Lara Lagoa, la niña que creció desafiando al viento entre las olas

DEPORTES

La gallega de 14 años, que se ha convertido en la referencia española del windsurf, buscará una medalla en el Europeo

30 mar 2009 . Actualizado a las 12:25 h.

Lara se había quedado prendada de los barcos a vela que surcaban la ría viguesa. Le maravillaba conquistar las olas sorteando al viento con juegos malabares. Por eso, cuando llegó el día de su décimo cumpleaños, abordó a sus padres. «Yo quiero hacer eso, dejadme probar». A Mila y Alberto se les abrió la boca hasta conjugar la campanilla con unos ojos como platos. «Pero cómo vas a hacer eso tú, si eres una cría y no tienes fuerza...» le contestaron. Hoy, Lara Lagoa (Cangas, 1994) es la gran esperanza del windsurf femenino en España.

Con el permiso paterno se dirigió al Náutico de Cangas para dar sus primeros pasos. «El primer día fue un fracaso absoluto. No era capaz de levantar la vela y me moría de frío porque el traje me quedaba grande», recuerda. El fiasco no le hizo desistir. Volvió al día siguiente y consiguió un traje a medida y una vela adaptada a sus condiciones. Así empezó una progresión imparable.

Lara ha ido conquistando títulos en todas las categorías. El año pasado barrió en el Campeonato y en la Copa de España. No tuvo rival. Fue plata en el Europeo y bronce en el Mundial disputado en Polonia. Hace unos meses dejó la categoría sub-15 para pasar a la sub-17, la previa a la olímpica. En su primera prueba, el Campeonato de España, volvió a mostrar una superioridad encomiable. Venció en todas las mangas.

«Iba un poco nerviosa, no sabía qué nivel había. Cayó una tormenta espectacular y pensé que me ahogaba. Ni yo me explico cómo pude levantarme y tuve fuerzas para seguir», rememora ahora, en la víspera de afrontar su primer Europeo en la categoría. Se disputará en Lacanau, una localidad próxima a Burdeos, entre el 9 y el 16 del próximo mes de abril.

Favorita, con las italianas

Lara será la única española peninsular en viajar a tierras galas. Y ha tenido que arreglárselas por su cuenta para llegar hasta allí. «Voy a ir hasta Barcelona o Valencia y viajaré con los baleares en furgoneta», dice sonriendo. Durante la semana que dura la competición el trasiego es agotador.

«Cada día se disputan tres mangas, son muchas horas en las que no puedes relajarte ni un instante y en las que la técnica es tan importante como la capacidad de resistencia». Hace meses estuvo entrenando en Formentera con un as del windsurf, el olímpico Asier Fernández. «Fue una experiencia muy bonita, y aprendí mucho de todo aquello. Asier está siempre pendiente de la técnica, es muy perfeccionista».

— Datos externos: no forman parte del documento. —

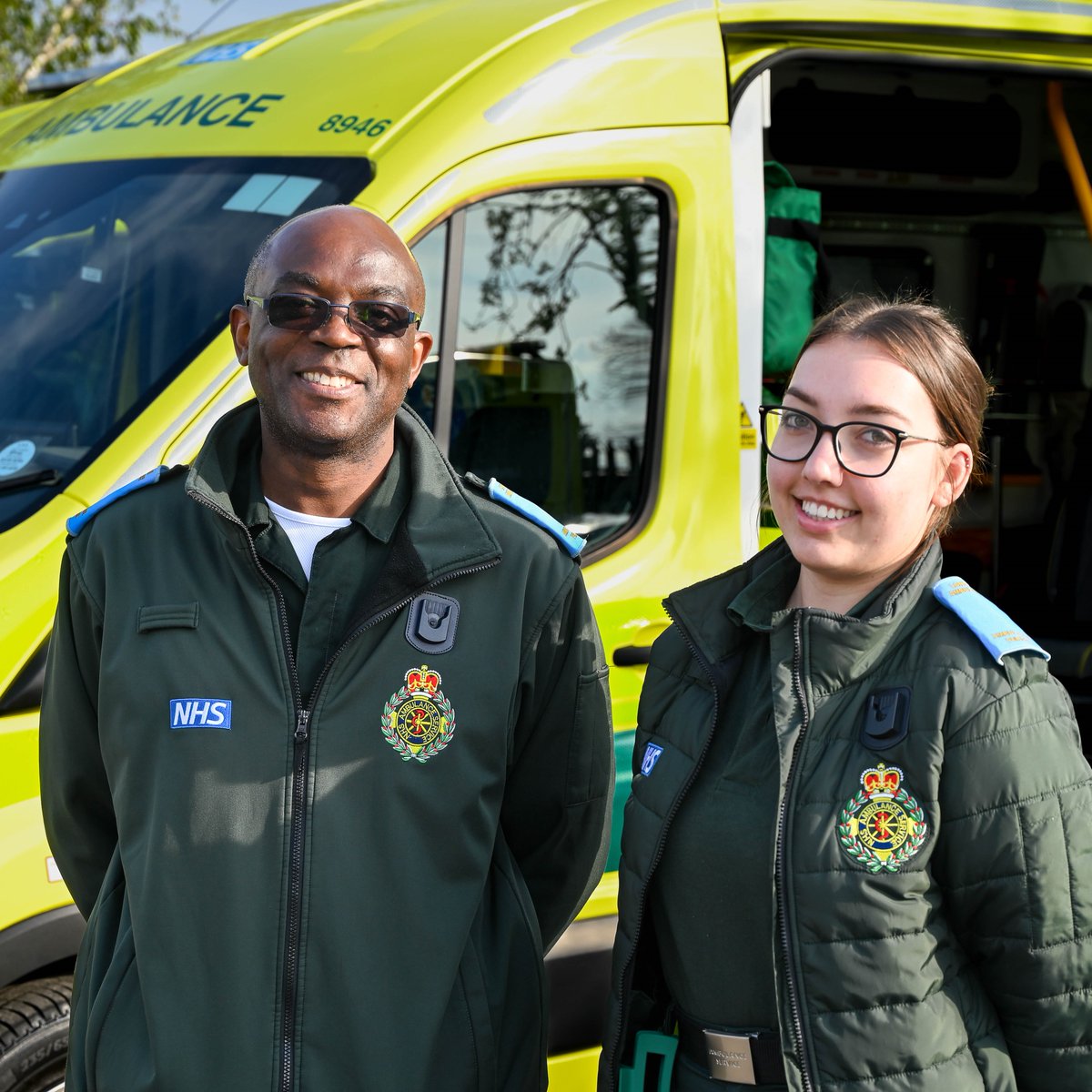 Non-Emergency Transport Service crews like Eddie and Rebecca are trained in basic life-support and help to keep emergency ambulances free for patients who need them most. Find out how you can kickstart your frontline career by applying for this role: buff.ly/3QBkShg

En Burdeos, Lara partirá entre las favoritas y es consciente de dónde pueden estar sus principales rivales. «Las más fuertes son las italianas, que tienen un nivel superior a la media europea, pero ojo con las israelíes, si al final compiten, porque pueden dar la sorpresa», advierte.

«Ya basta de mendigar»

Lara se prepara en la canguesa playa de Rodeira ante la atenta mirada de su preparador Javi Enríquez y de sus padres. Su desfile entre las olas les está costando un ojo de la cara. Las ayudas son mínimas para un deporte en el que, además de los viajes, hay que afrontar un material muy caro que apenas dura.

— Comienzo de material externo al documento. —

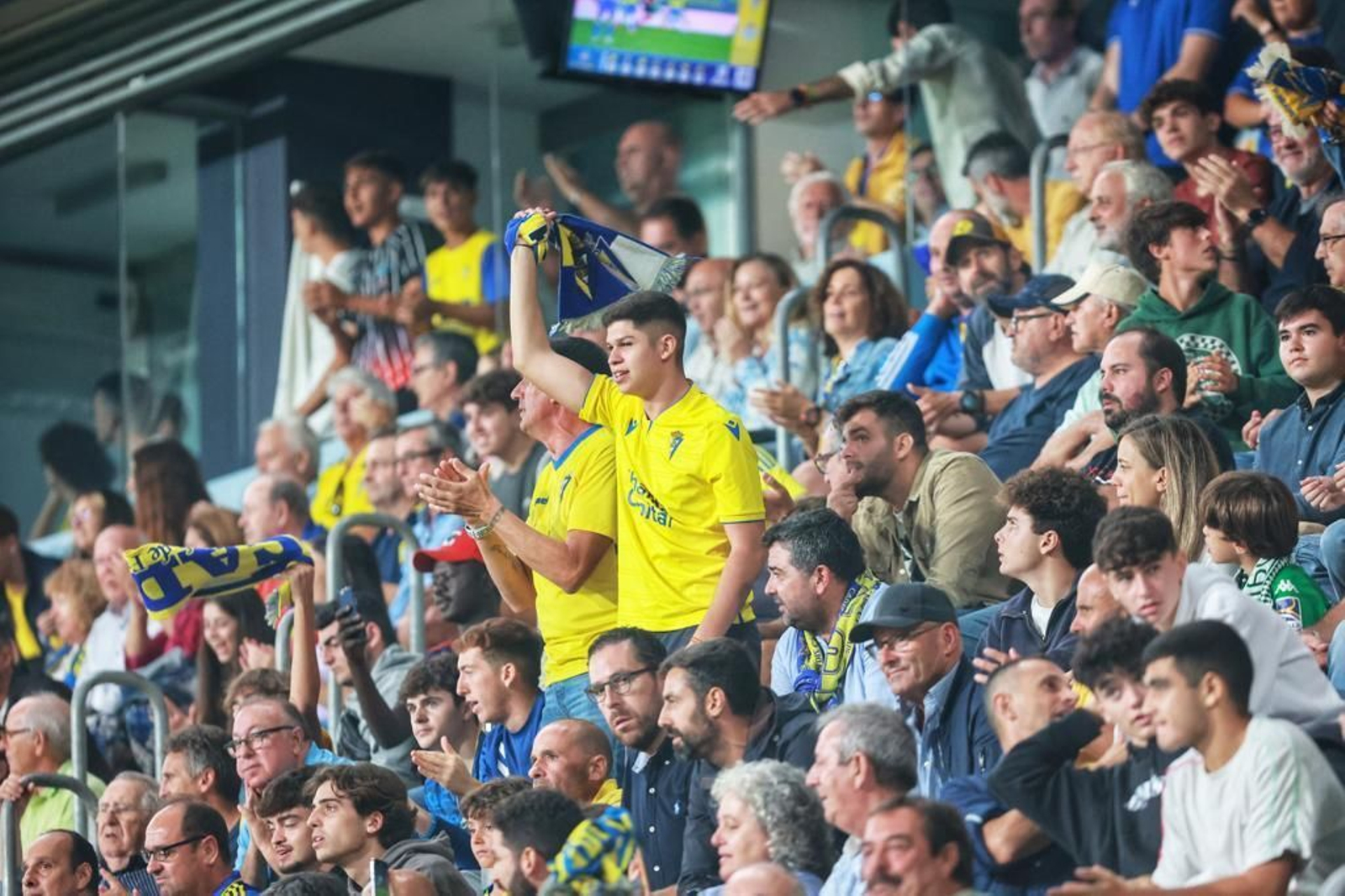 El partido del Cádiz C.F.-Real Betis, en imágenes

«Una vela te cuesta mil euros, la tabla otros mil, y tienes que cambiarlos cada seis meses porque se estropean. Súmale quinientos euros de complementos, más el traje... estamos hablando de tres mil euros, es mucho dinero», admite Lara. Sus padres se desesperan.

«Es la ilusión de su vida y ha tenido resultados, además va excepcionalmente en los estudios, por eso no te puedes negar, pero a veces te dan ganas de decir hasta aquí hemos llegado», dice Mila, su madre. «Cuando gana son todo felicitaciones, pero luego somos los padres los que tenemos que dejarnos el sueldo, mendigando mil euros aquí y quinientos allá para que pueda competir por ser campeona de Europa». Lara ya no la escucha. Lleva un rato volando entre las olas.